Такер говорит о «добровольном объединении», но не приводит наглядных примеров и фактически признаёт, что «анархисты - это просто бесстрашные джефферсоновские демократы». Правда, он говорит, что «если отдельный человек имеет право управлять собой, то всякое внешнее управление есть тирания»; но если «управлять собой» означает делать что угодно, не считаясь с интересами ближних, то, говоря прямо, индивид не имеет такого права, а если он не имеет такого права, то вмешательство ближних сводится к тому, чтобы его поведение не было антиобщественным, даже если это «внешнее правительство», а не тирания; и даже если бы оно было ею, они не стали бы из-за этого воздерживаться от вмешательства.

С другой стороны, если «управлять собой» означает принуждать себя действовать с должным учетом интересов своих соседей, то это право, которым индивид не может пользоваться без внешнего управления, потому что и соседи должны иметь право голоса в этом вопросе. Но так или иначе, эта фраза ничего не значит; ибо было бы легко показать с помощью небольшой игры слов, что "любовь к ближним" на самом деле является внешним управлением или что демократическая государственная власть на самом деле является самоуправлением.

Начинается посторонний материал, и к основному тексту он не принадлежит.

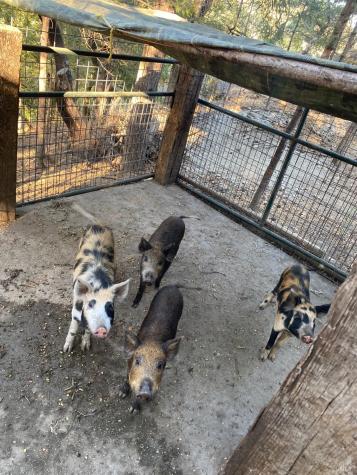 19801 Kelly Road Geyserville CA 95441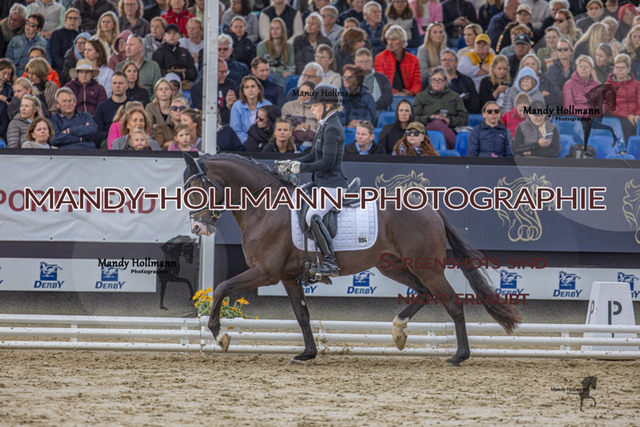 RPF 4j H (811 von 1519) | mandyhollmannphotographie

Эпитет Такера «добровольный» в его применении к общественным объединениям в целях обороны или управления делами не должен истолковываться так, что этим подразумевается, что в этих вопросах существует очень широкий выбор. Такое объединение фактически необходимо; ибо, если бы этим пренебрегали, то общественные дела оставались бы неуправляемыми, а государства беззащитными. Природа безжалостно расправляется с нашим стремлением к полной безнаказанности. Она никоим образом не дает государствам «свободу» выбора - хотят они или не хотят работать и управлять. Или они хотят, или царят голод и хаос! Обязанности (управления государством) неумолимо предопределены; его наказания неизбежны; его оплата - строго "оплата по результатам".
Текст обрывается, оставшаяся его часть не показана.